# INSTRUCTIONS TO FOLLOW
Give back the lines below exactly, but do not include any pictures.

# DATA SHOWN
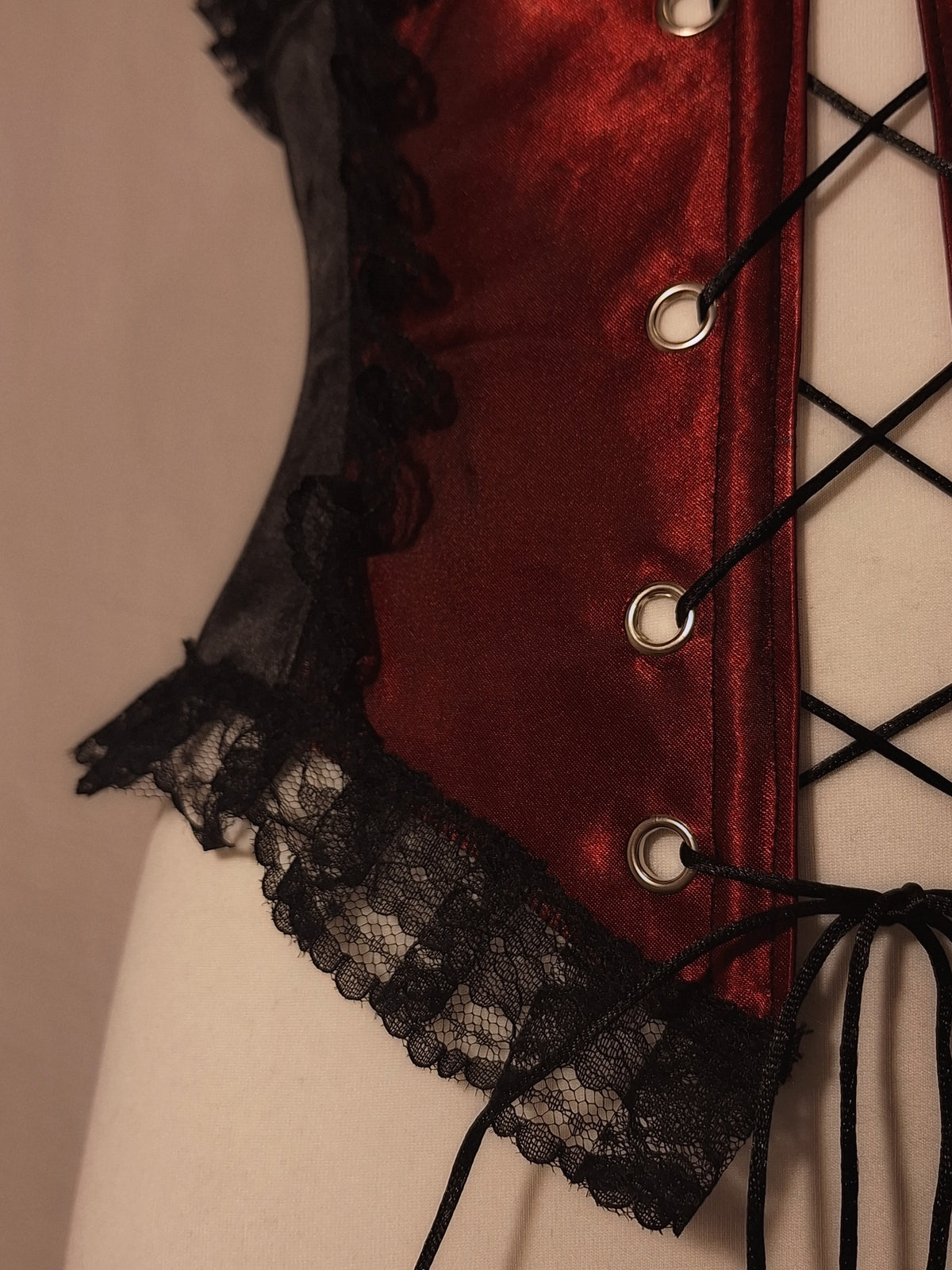 Gorset underbust S/M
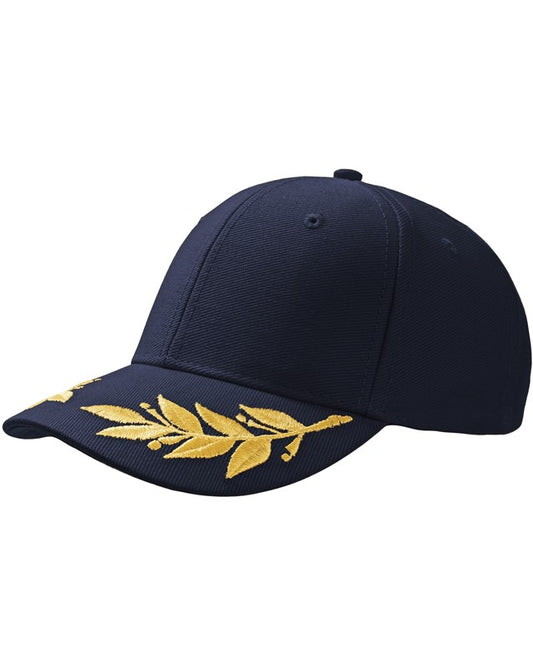 Atlantis ACWINN Winner Winners Laurel Embroidered Cap - COOZO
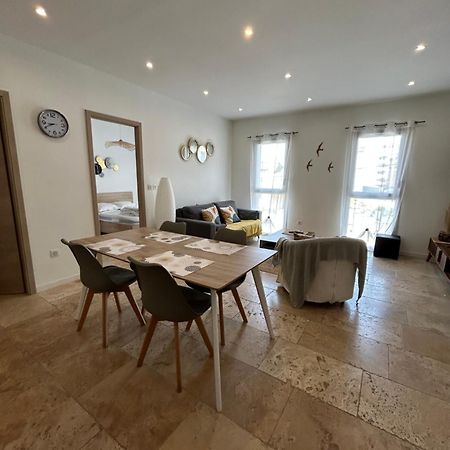 Appartement T3 Dans Maison Neuve 7 Couchages ラ・セーヌ・シュル・メール エクステリア 写真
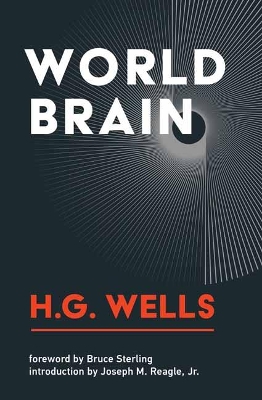 World Brain book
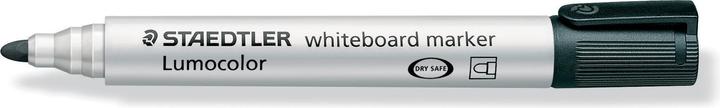Staedtler Lumocolor (Black, 2 mm, 1 x)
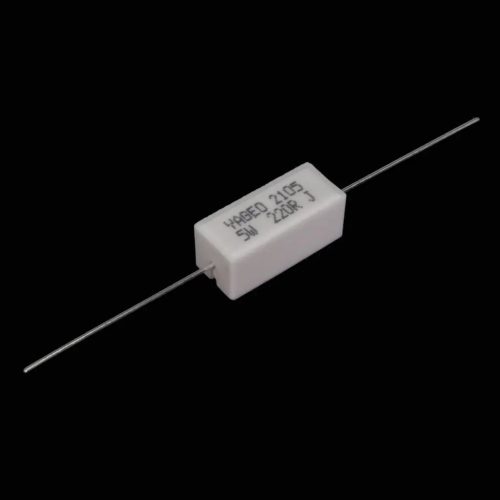 SQP500JB-0R33 - YAGEO - SQP500JB-0R33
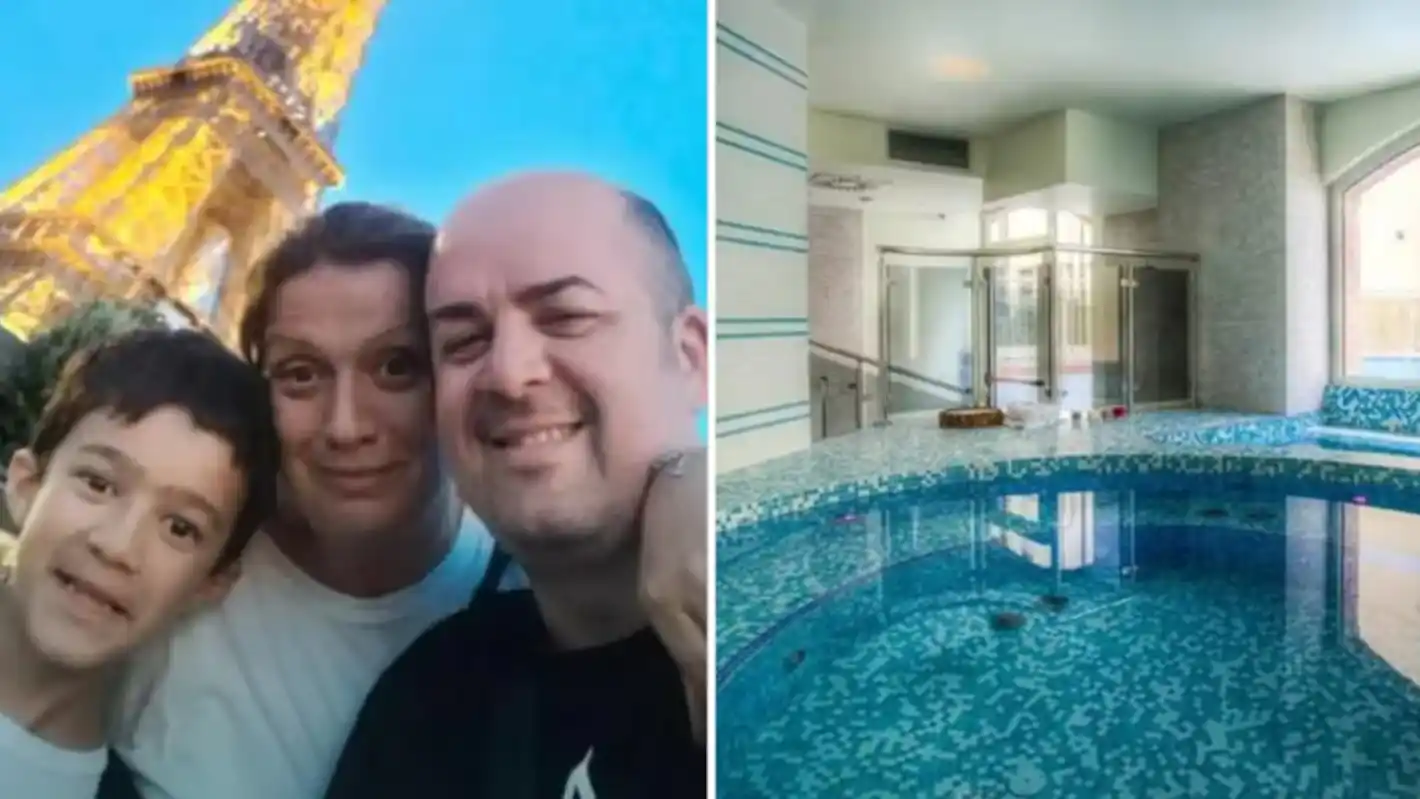 Horror en Italia: un nene muere succionado por un jacuzzi en un hotel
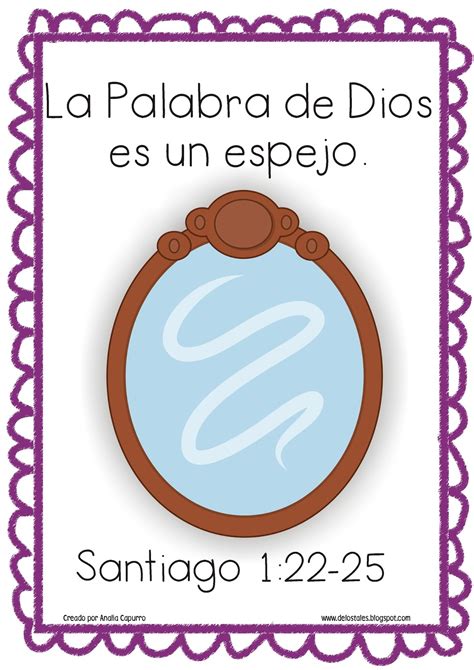 La Palabra De Dios Es De Los Tales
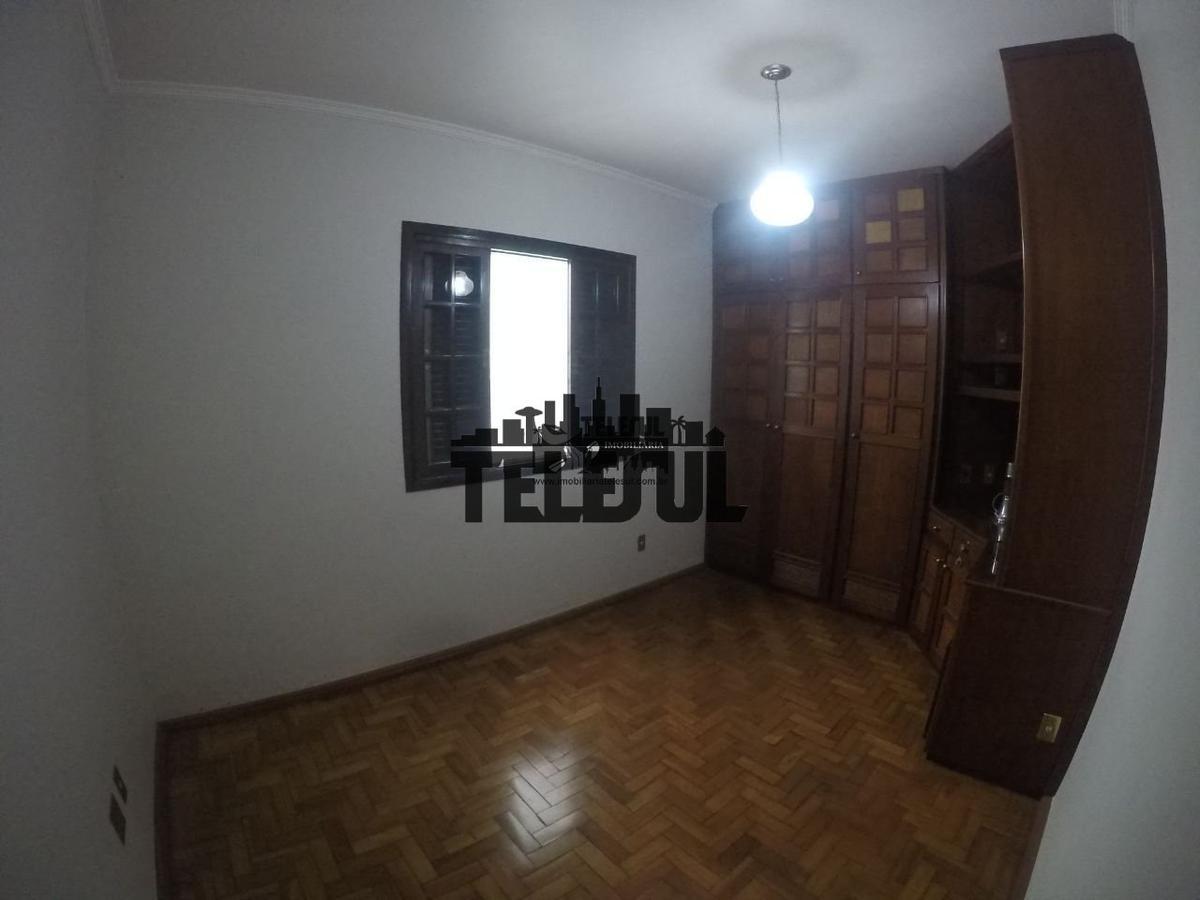 Casa, Jardim Andere, 4 Quartos, 0 Vaga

# RESPONSE AREA
 Gorset underbust S/M
 Atlantis ACWINN Winner Winners Laurel Embroidered Cap - COOZO
 Appartement T3 Dans Maison Neuve 7 Couchages ラ・セーヌ・シュル・メール エクステリア 写真
 World Brain book
Staedtler Lumocolor (Black, 2 mm, 1 x)
 SQP500JB-0R33 - YAGEO - SQP500JB-0R33
 Horror en Italia: un nene muere succionado por un jacuzzi en un hotel
 La Palabra De Dios Es De Los Tales
 Casa, Jardim Andere, 4 Quartos, 0 Vaga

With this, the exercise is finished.